Roy Blomquist succeeded Connor as Superintendent of Horticulture in 1999. He provided dynamic leadership to the team of gardeners, encouraging advanced training, and strengthening the principles of apprenticeship. Blomquist added new tropical plants to the Garden, new color schemes, and a fresh approach to methods of display. The ornamental beds saw an infusion of new plants: amaranth, cosmos, oleander. Mass planting of canna lilies, a favorite of Mayor Thomas Menino, became an annual feature.

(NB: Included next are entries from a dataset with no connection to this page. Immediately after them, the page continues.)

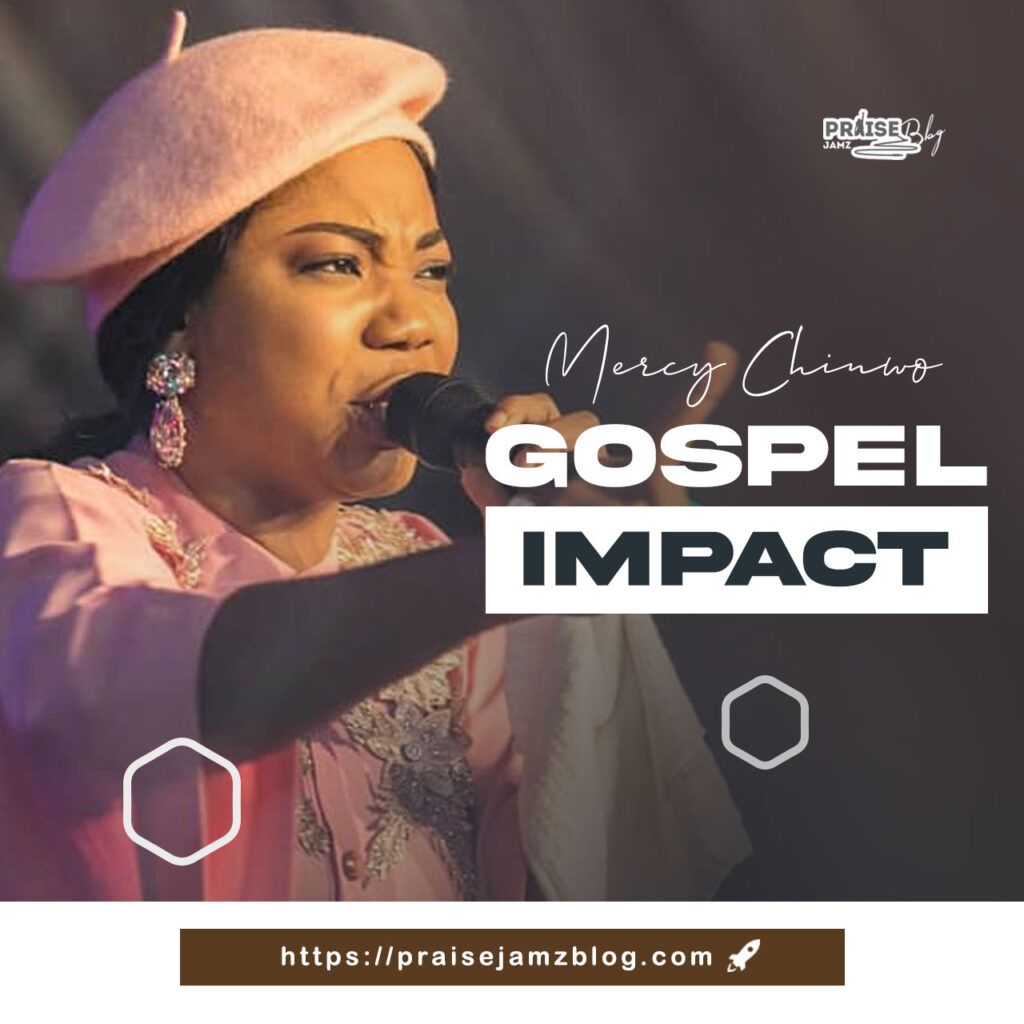 Mercy Chinwo Blessed Gospel Impact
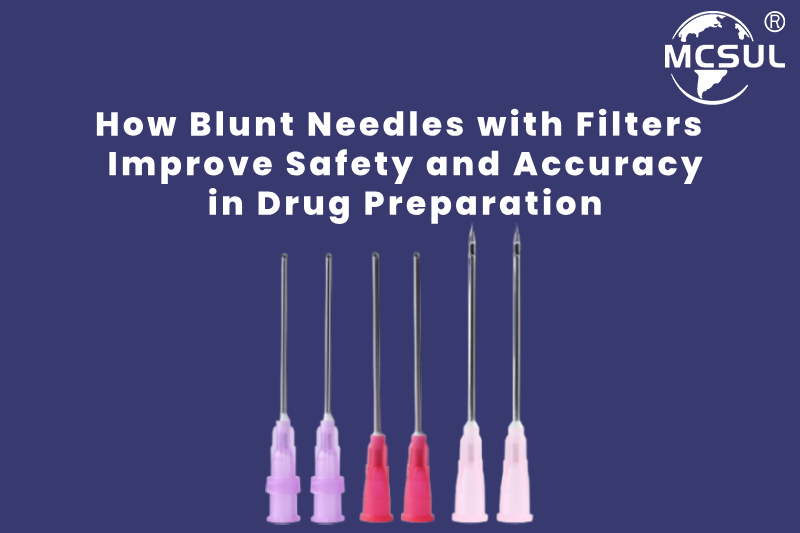 How Blunt Needles with Filters Improve Safety and Accuracy in Drug Preparation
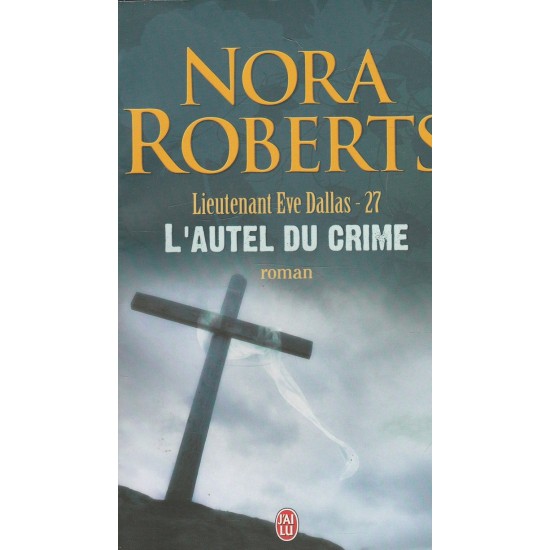 Lieutenant Eve Dallas L'autel du crime no 27 Nora Roberts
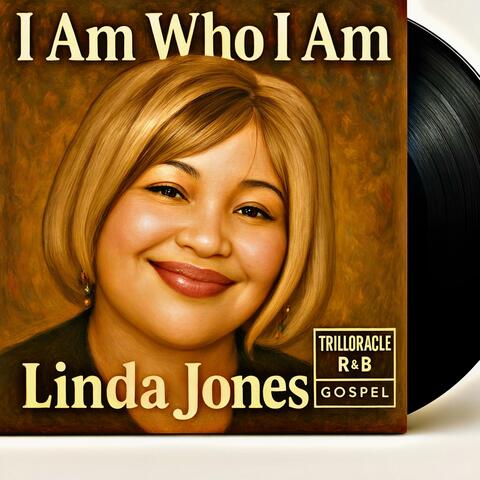 I Am Who I Am
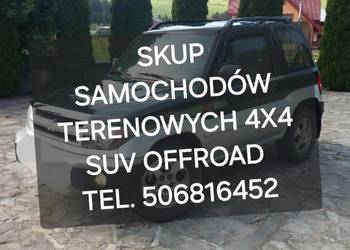 SKUP SAMOCHODÓW TERENOWYCH 4X4 OFFROAD ZADZWOŃ! GOTÓWKA!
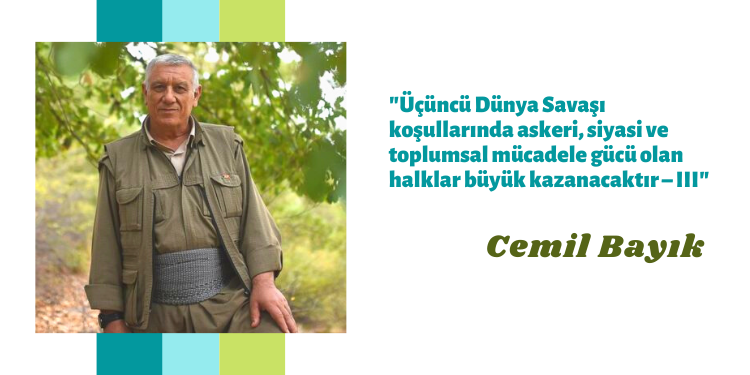 “Üçüncü Dünya Savaşı koşullarında askeri, siyasi ve toplumsal mücadele gücü olan halklar büyük kazanacaktır – III”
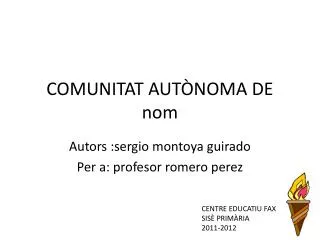 comunitat aut noma de nom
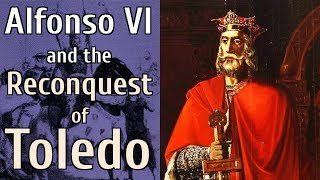 Alfonso VI and the Reconquest of Toledo  Medieval Spain Documentary [upl. by Mignon]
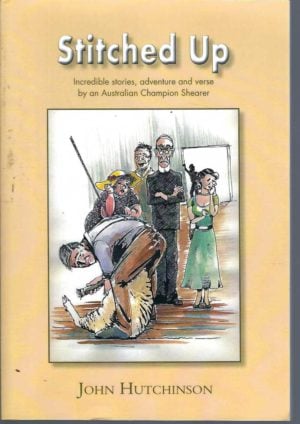 Stitched Up: Incredible Stories, Adventure and Verse by an Australian Champion Shearer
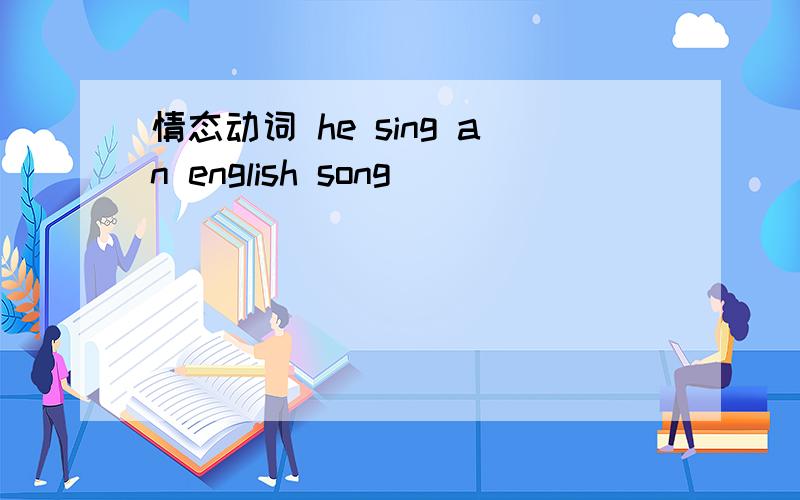 情态动词 he sing an english song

Anthony Hennessey, a close associate of Blomquist, succeeded him as Superintendent and continued the methods of display introduced by Blomquist. Working with Hennessey, Josh Altidor, who came to the Parks Department in 2013 and became Director of Maintenance in 2018, has been the designer of the ornamental flower beds for the past several years. With a sure hand, Altidor has sustained the theatrical staging while introducing new annual plants, many grown from seed. He introduced a modern touch with single color beds, ornamental grasses, and new tropical species. The city-owned greenhouses, now merged into a single facility in Franklin Park, includes areas for plant propagation and house the tropical plants used year after year in the Public Garden and other parks and squares in Boston.
Just as there are remnants of Meacham’s original plan for the Public Garden, the horticultural displays are reminiscent of the design of the late nineteenth-century, interpreted by generations of gardeners devoted to the Public Garden and committed to sustaining its mission as a place to appreciate plants in a unique setting.